Hallo again! Aaa, I've got a quick question. What are the best/most recommended perches for ringneck doves? And how many do they need? Some people say they only need 1 or 2, a round and a flat. Any help would be appreciated! I know it's kind of a basic question, but I just want to double check.


----------



## elizaisling (Mar 28, 2012)

Get the thickest perches you can find - I use perches intended for parrots because it gives them a flatter surface, which doves prefer. I use a variety - I had a custom thick birch branch perch made, and I also use other wood and rope perches.

I would say the number of perches would depend on the size of the cage. I have five perches in my cage, but mine is a very large flight cage so you may find you don't need as many.

Hope this helps!


----------



## Taubee (Apr 24, 2017)

Ah, thank you!!


----------



## jak2002003 (Jan 10, 2012)

*perches*

Natural branches are the best.

I use go out and collect some... free and easy!!! They like thicker ones to rest on.
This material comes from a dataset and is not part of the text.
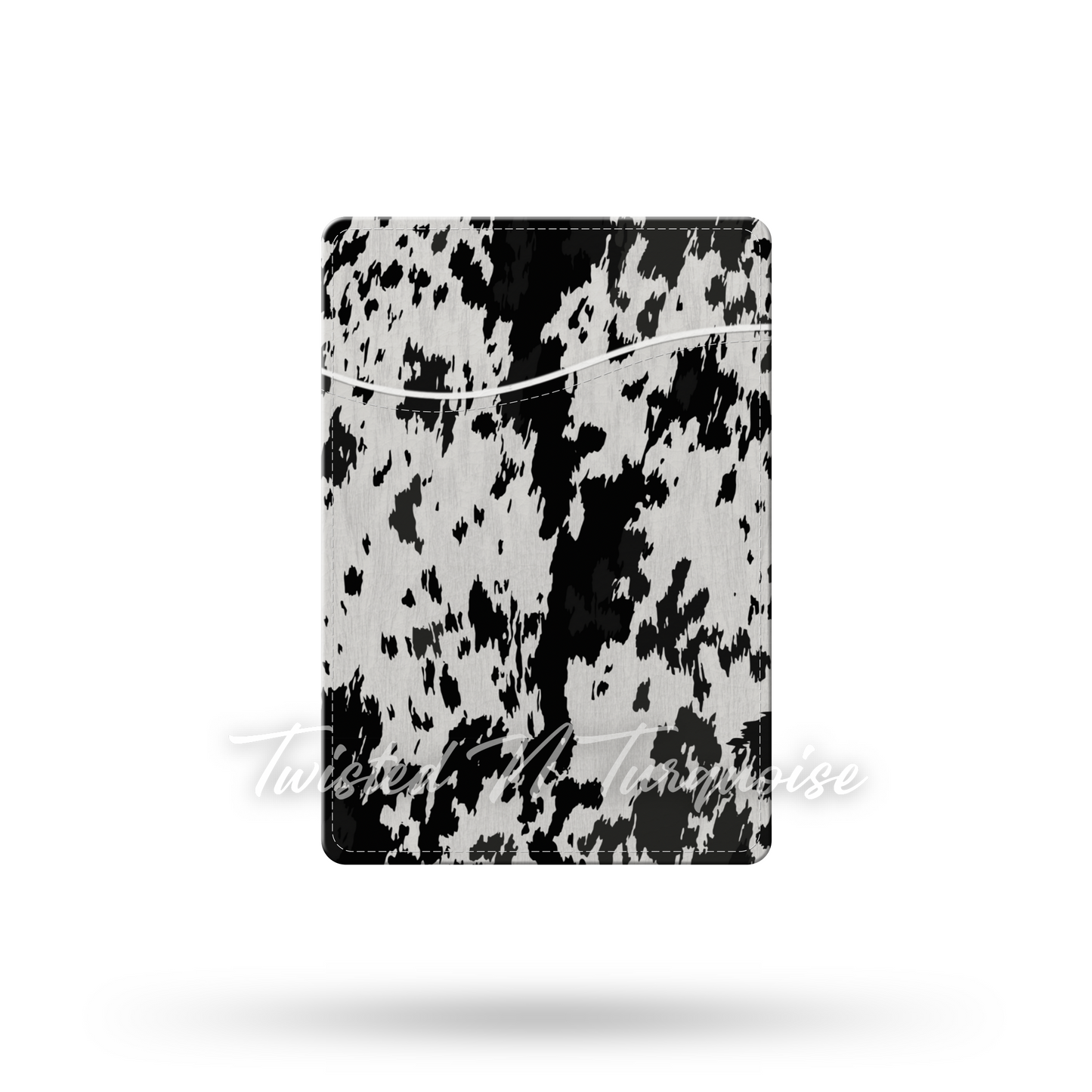 Faux Cowhide Western Phone Wallet / Card Holder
You want to give them room to fly so don't add more than 2 perches in the normal size cage. 

Replace the perches each week or so as they get dried out and hard.. soft ones are better for their feet.


----------



## Taubee (Apr 24, 2017)

Alright thanks! I actually just went out the other day to grab some sticks from a dead tree in the yard, gonna make a very diluted bleach solution and clean them off.


----------



## jak2002003 (Jan 10, 2012)

*branches*



Taubee said:


> Alright thanks! I actually just went out the other day to grab some sticks from a dead tree in the yard, gonna make a very diluted bleach solution and clean them off.


That is a good idea, but I have to say, I have never had any problems from branches and sticks I got from the trees. I have used them more than 15 years for all my big collection of birds. I never washed them when I got them... 

I just would always make sure they looked clean, had no bird poops on them, had no dampness or mold / mushrooms etc.


----------



## Taubee (Apr 24, 2017)

Ah, ok! Thanks again!


----------